The goal of this repo is to show off some of my skills in Databricks and Terraform, I hope you enjoy it ;)
In order to do this, I designed a CI/CD pipeline and a data ingestion/processing pipeline that takes real estate listing data simulated by a Lambda funtion into S3, ingests it into Databricks via Autoloader and transforms it through a medallion architecture of Delta Live Tables in order to expose it as a Databricks Dashboard.
Real Estate Inc. has a backend service, which emits JSON messages to an S3 bucket, whenever a listing on their website is created, updated, or deleted. This data needs to be flattened and consumed via a dashboard, containing only the currently active listings on the website.
The solution consists of two main parts:
- Lambda Functions: For handling the publishing service and the ingestion of listing CRUD events.
- Data Pipeline: Using Delta Live Tables (DLT) to process and manage the data, implementing both Bronze, Silver, and Gold tables, including an SCD2 table for historical changes.
- CI/CD Pipeline: Utilizing GitHub Actions for continuous integration and deployment.
- Infrastructure as Code: Managing infrastructure with Terraform.
This Lambda function simulates the behavior of the publishing service by generating and updating listings.
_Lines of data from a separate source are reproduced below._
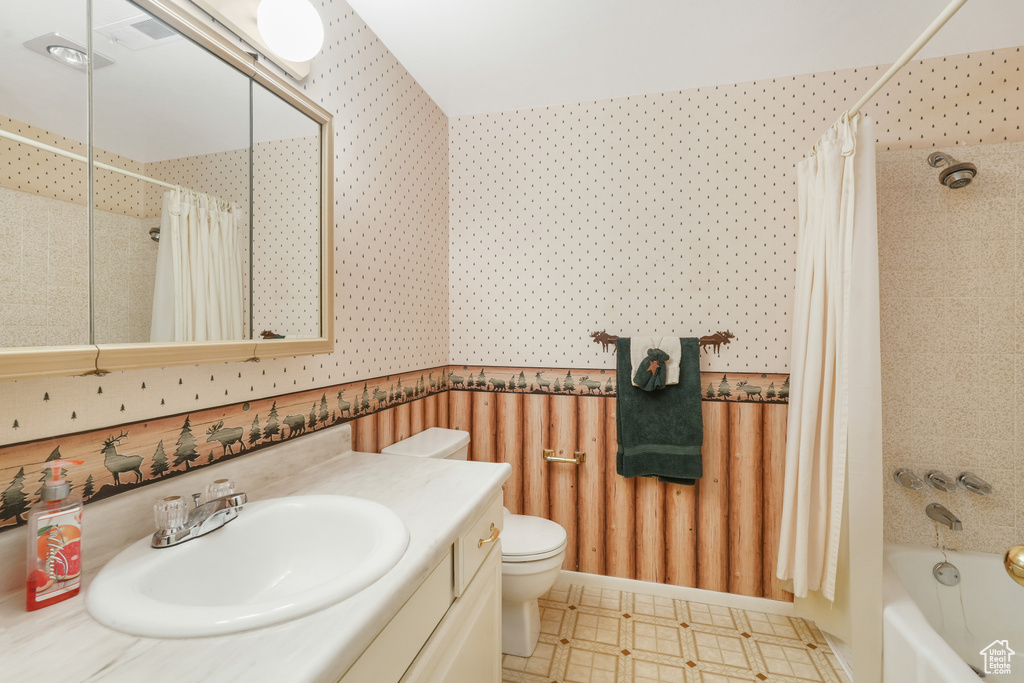 Full bathroom with tile flooring, toilet, oversized vanity, and shower / tub combo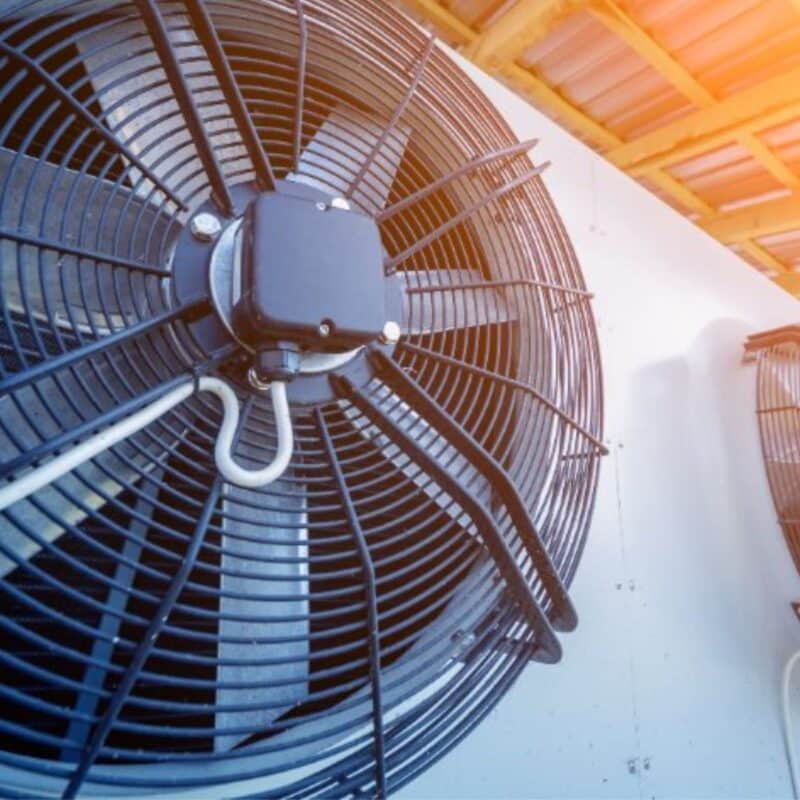 Close up of an AC unit running on a summer day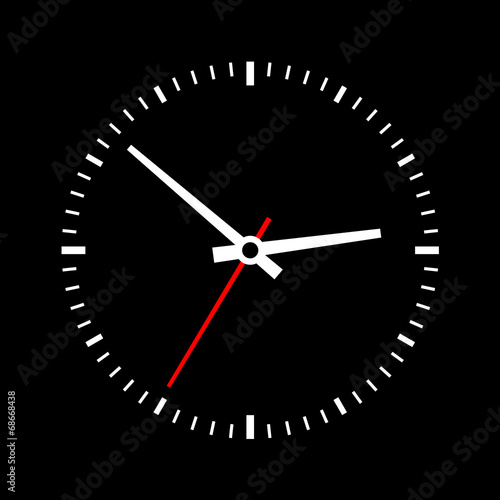 Clock dial on a black background.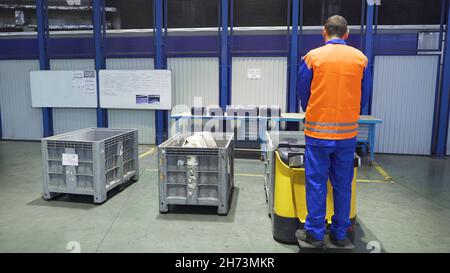 Il lavoratore sul caricatore trasporta le scatole in magazzino. Scena. L'operatore che si trova sul caricatore lo controlla per il trasporto di scatole di carico nel magazzino di fabbrica. Foto Stock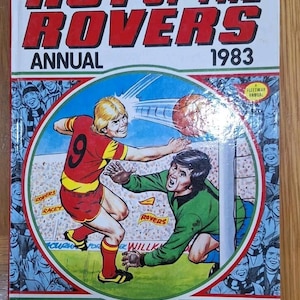 Peut inclure: Couverture d'un album annuel "Roy of the Rovers" de 1983. L'illustration colorée représente un match de football avec deux joueurs en action. Le titre est en rouge, avec le texte "Top of the League for Football!"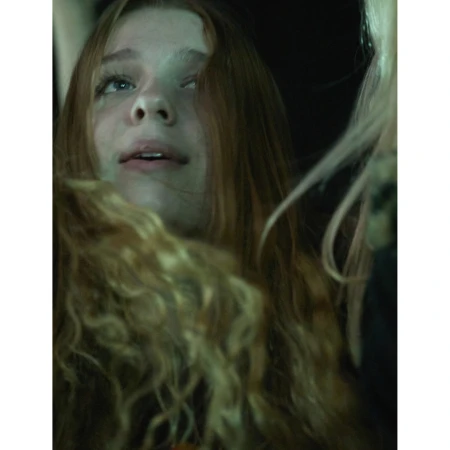 Close-up of a young woman with red hair looking up and to the left, soft light, and dark background.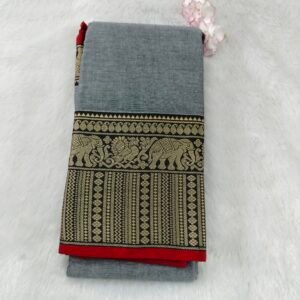 A classic Narayanan Pet saree crafted from mercerised cotton, featuring an elegant Lavanya type border with a running blouse for timeless charm.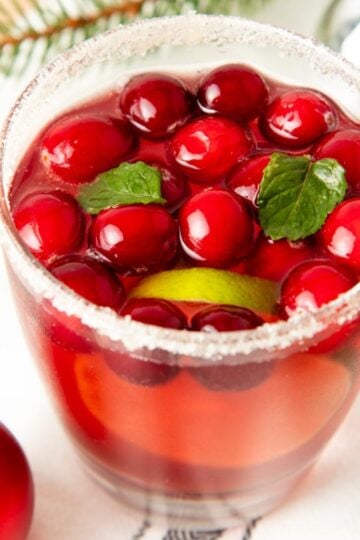 A glass of jingle juice with a sparkly sugar rim, whole cranberries, and fresh mint leaves.
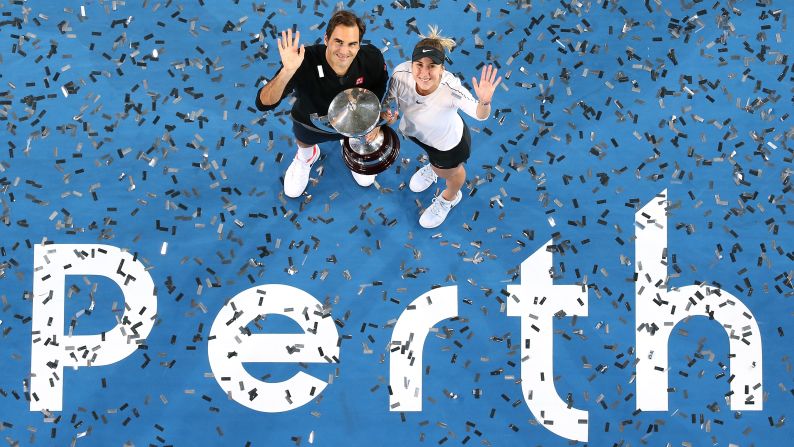 Swiss tennis players Roger Federer and Belinda Bencic pose with the Hopman Cup after winning the team tournament in Perth, Australia, on Saturday, January 5.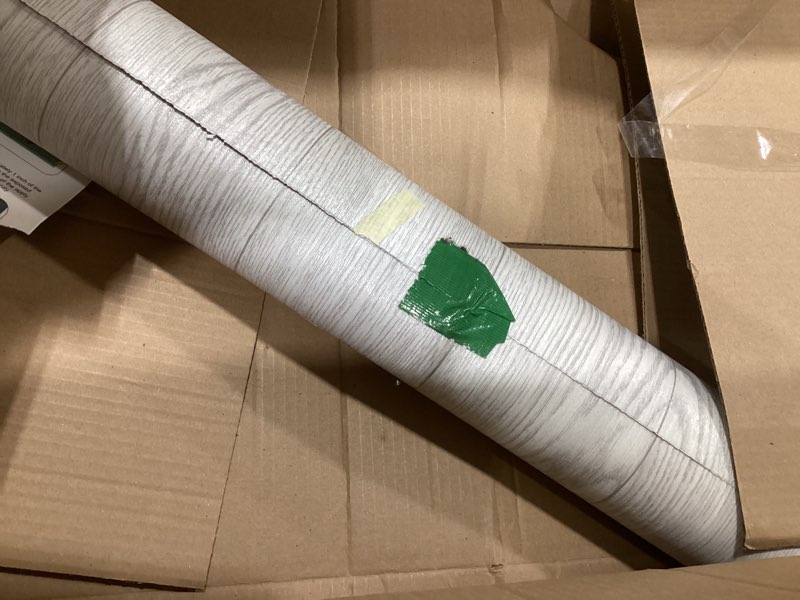 Condition photo showing As Is for Oxdigi Vinyl Flooring Roll Peel and Stick 24"x 118"/19 Sq.Ft, Self Adhesive Wood Planks Floor Sticker, Wear-Resistant Waterproof and Easy DIY Floor Covering for Kitchen, Bathroom, White Grey Wood 24"Wx 118"L White Grey Wood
It handles:
- Creation of Listings: Generates new listings with random data.
- Updating Listings: Updates existing listings with random modifications.
- Deletion of Listings: Deletes existing listings based on a random choice.
This Lambda function captures the CRUD events from the publishing service and reflects them onto a staging bucket. It handles:
- Detection of Events: Listens for object creation and deletion events in the S3 bucket.
- Processing Events: Retrieves the file contents for created objects and constructs a message payload.
- Storing Events: Writes the processed events to a staging S3 bucket with a unique hash identifier.
- Raw Listings Data: Contains raw listings data with S3 events, capturing JSON objects from the sales_and_rentals listings.
- Flattened Listings Data: Processes the raw data to flatten the JSON structure, removing nested fields and ensuring each column represents a property from the original JSON document.
- Current Listings Data: Maintains the latest state of each listing, including deletions, and ensures the data is available for querying from a Data Warehouse.
- Historical Listings Data: Tracks the SCD Type 2 history for listings, including records that have been deleted, with start and end timestamps for validity and an
is_currentboolean to indicate the current record.
The infrastructure is managed in its entirety by Terraform.
GitHub Actions is used for continuous integration and deployment. The workflow automates the following steps:
- Zipping Lambda Functions: Packages the Lambda functions.
- Terraform Initialization: Initializes Terraform in the workspace.
- Terraform Plan and Apply: Applies the Terraform plan to deploy the infrastructure.
The CI/CD pipeline ensures that any changes to the codebase or infrastructure are automatically tested and deployed, maintaining consistency and reliability in the deployment process.